Intial setup for ray on a HPC

Hi Y’all,

Sorry a head of time, if I am breaking some forum rules.
I am trying to test out the capabilities of RAY on a bar metal HPC using RHEL 8~9.

Ultimate goal is to get a ray cluster setup and have a head node running on one node and a worker node that runs a VLLM backed model on another node.

However before doing that, I am having trouble setting up the initial ray start.
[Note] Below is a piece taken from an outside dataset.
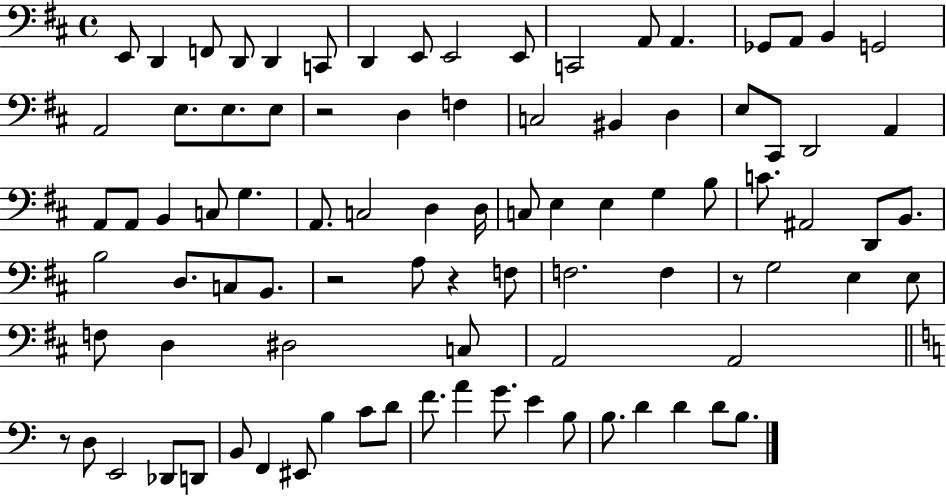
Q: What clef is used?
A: bass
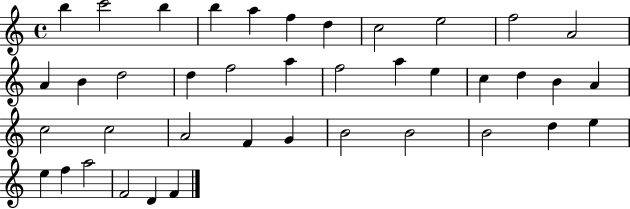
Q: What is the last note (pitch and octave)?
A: F4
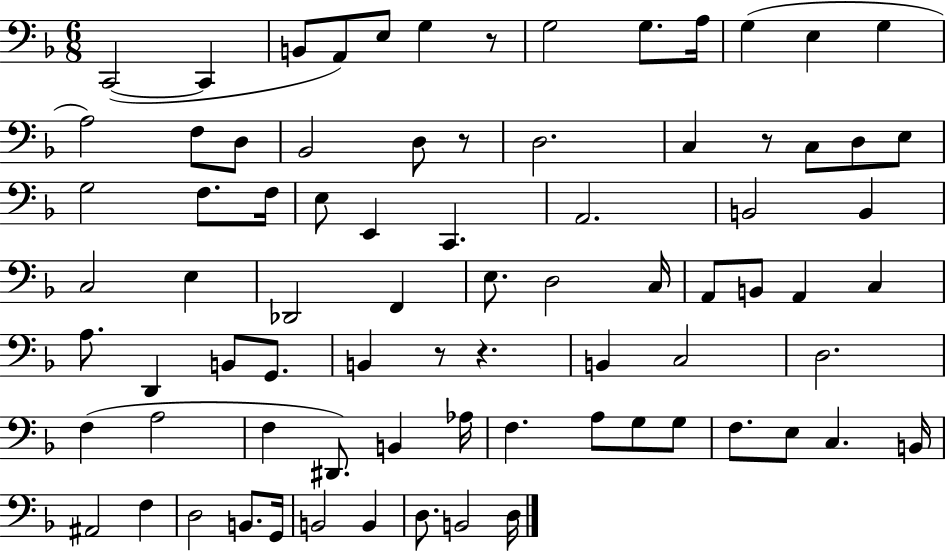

  1. I ran ray start --head and successfully started the Ray head node
  2. I ran ray start --address=HEAD_NODE_IP:6379 --num-cpus=32 --num-gpus=1

However, shortly after it prints out Local node IP: ip_address, and after sometime (~2 mins) it prints out an error message saying RuntimeError( RuntimeError: Failed to connect to GCS.

Somethings to note,

  1. I am currently allocating resources using slurm as this is going to be a proof of concept to push it more system wide.
  2. Ray is installed using conda for both nodes
  3. I am able to ping the head node from the worker node and vice versa.
  4. Running ray status on the head node works

Hey @JayTea , I think you might be missing a TMPDIR . Try providing --temp-dir and also --redis-password

e.g.

On head node, open a terminal and type:

ray start --head --port=6379 --num-cpus=<total-cpus> --redis-password=2173274697--temp-dir=/data1/gridtmp/ray_temp_dir --dashboard-host '0.0.0.0' --block

On worker nodes, open a terminal and type

ray start --address=HEAD_NODE_IP_ADDRESS:6379 --num-cpus=32 --redis-password=2173274697 --temp-dir=/data1/gridtmp/ray_temp_dir --block

and connect to it via:

ray.init(
    address=f"ray://{head_node_ip_address}:10001",
    log_to_driver=False,
    ignore_reinit_error=True
)

See if that works.

Hi @max_ronda,

Thanks for reaching out.

Sadly it did not work.

I got the same error RuntimeError: Failed to connect to GCS. when executing the worker node command, and therefore when I try to run the ray.init I got ConnectionError: ray client connection timeout

Also when running ray start --address=HEAD_NODE_IP_ADDRESS:6379 --num-cpus=32 --redis-password=2173274697 --temp-dir=/data1/gridtmp/ray_temp_dir --block I got the warning

--temp-dir=/data1/gridtmp/ray_temp_dir option will be ignored. --head is a required flag to use --temp-dir. temp_dir is only configurable from a head node. All the worker nodes will use the same temp_dir as a head node.

Update
Interestingly,
When I run the head node and worker node on two different slurm instances that are on the same node, the commands run correctly and I can see when I run ray status that a node was added to the head node.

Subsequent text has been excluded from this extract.